▶ [MATERIAL TO PROCESS]
|---|

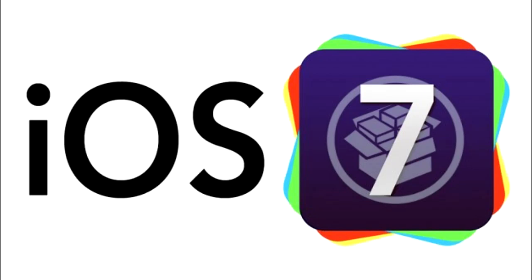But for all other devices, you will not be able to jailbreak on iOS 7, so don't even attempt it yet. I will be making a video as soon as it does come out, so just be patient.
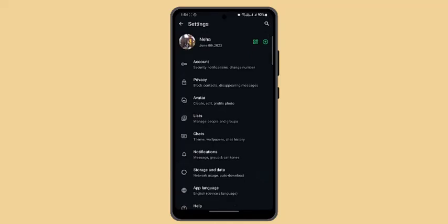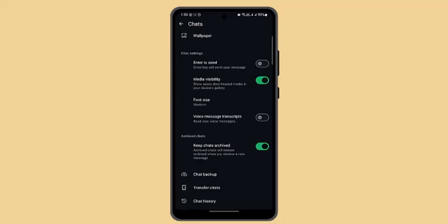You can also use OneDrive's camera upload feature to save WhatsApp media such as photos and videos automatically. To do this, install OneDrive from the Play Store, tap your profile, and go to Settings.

|---|

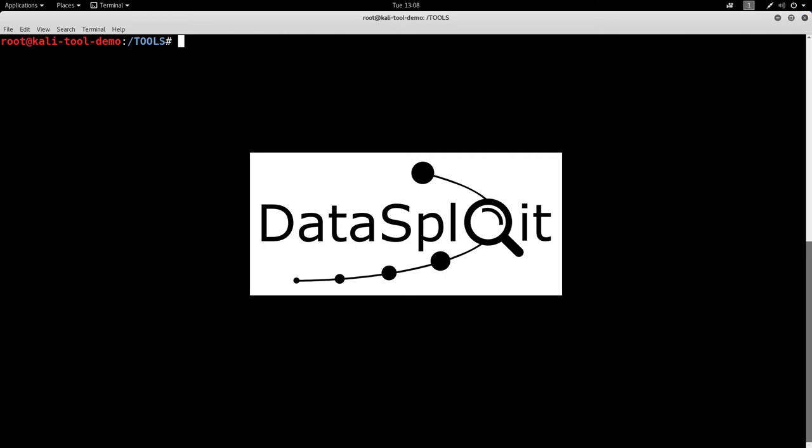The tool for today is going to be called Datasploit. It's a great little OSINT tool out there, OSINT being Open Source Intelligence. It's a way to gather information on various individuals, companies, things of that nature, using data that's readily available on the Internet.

|---|

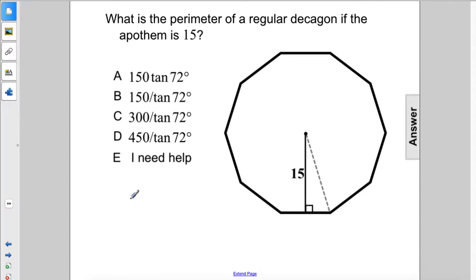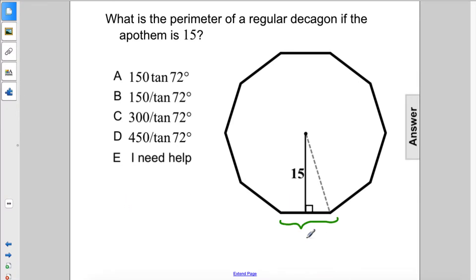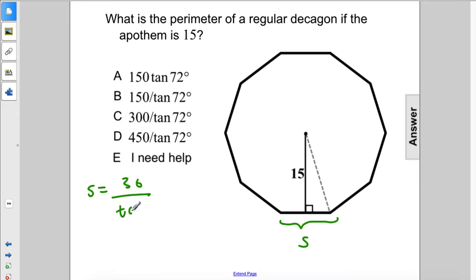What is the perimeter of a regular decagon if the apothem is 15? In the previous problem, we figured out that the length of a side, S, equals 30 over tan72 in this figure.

|---|

▶ [WHAT IS EXPECTED] Would you output the lines above from the line holding "But for all" up to and including the line holding "You can also", exactly and only those, with no pictures?

▶ [ANSWER TO THIS TASK]
But for all other devices, you will not be able to jailbreak on iOS 7, so don't even attempt it yet. I will be making a video as soon as it does come out, so just be patient.
You can also use OneDrive's camera upload feature to save WhatsApp media such as photos and videos automatically. To do this, install OneDrive from the Play Store, tap your profile, and go to Settings.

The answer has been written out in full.